### Task instructions
Starting at the line with "Stunning bride holds her bouquet" and stopping at the final line, retype the data below exactly; do not carry over any pictures.

### Data excerpt
────────────────────────────────────────
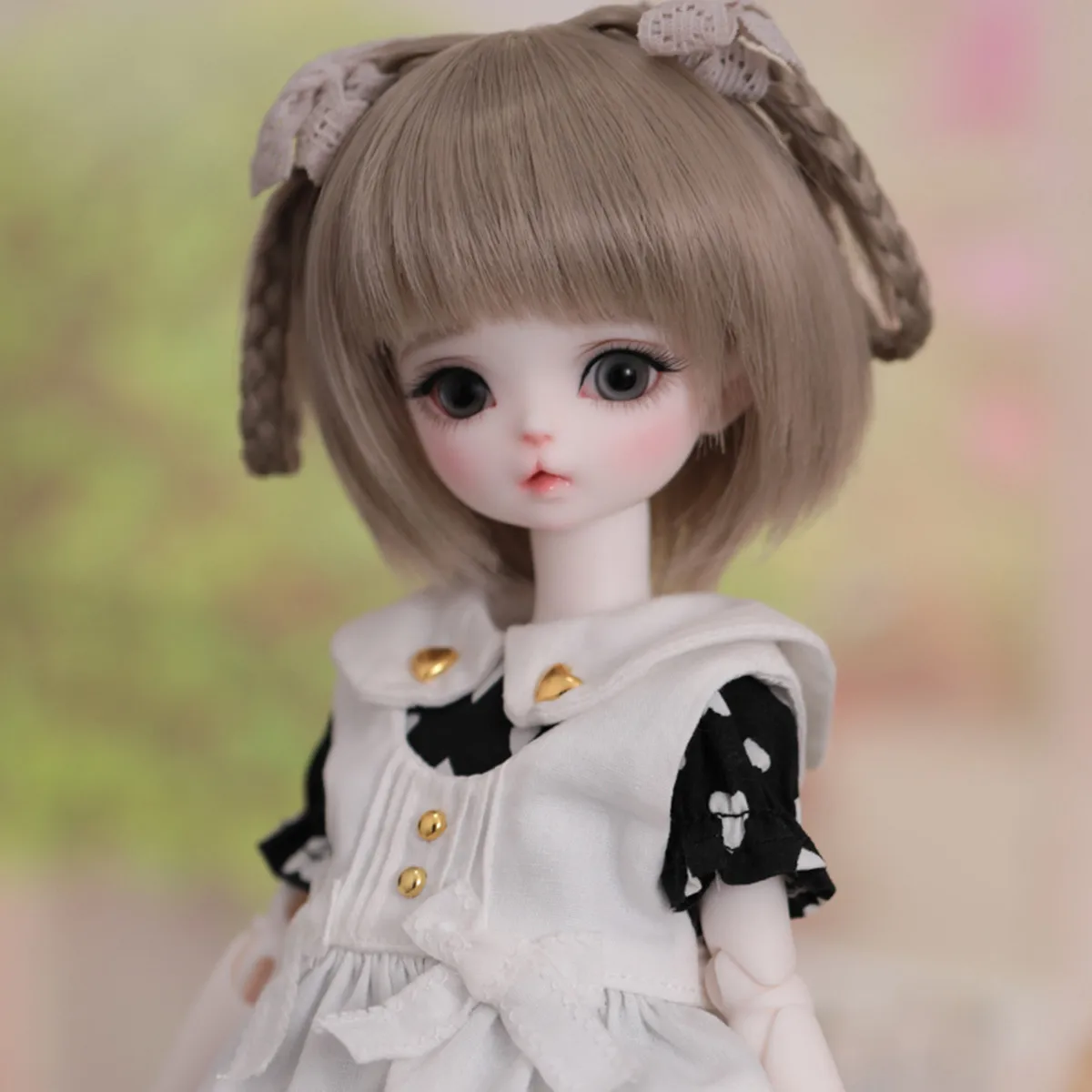 Wig Shoes Birthday Gift High-grade Resin Spot Factory Sale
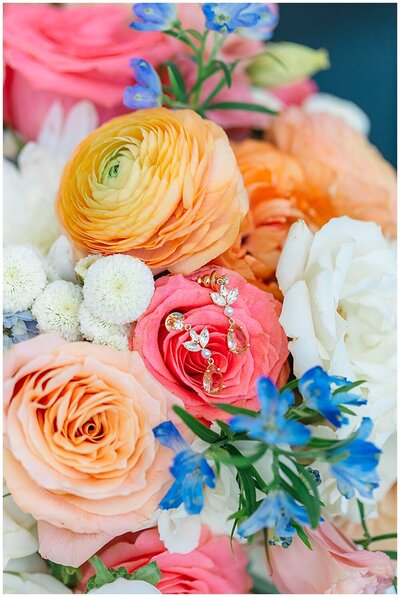 Stunning bride holds her bouquet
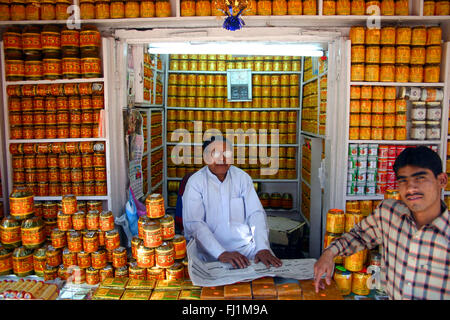 Store selling Ayurvedic products in Haridwar, India Stock Photo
────────────────────────────────────────
### Answer section
 Stunning bride holds her bouquet
 Store selling Ayurvedic products in Haridwar, India Stock Photo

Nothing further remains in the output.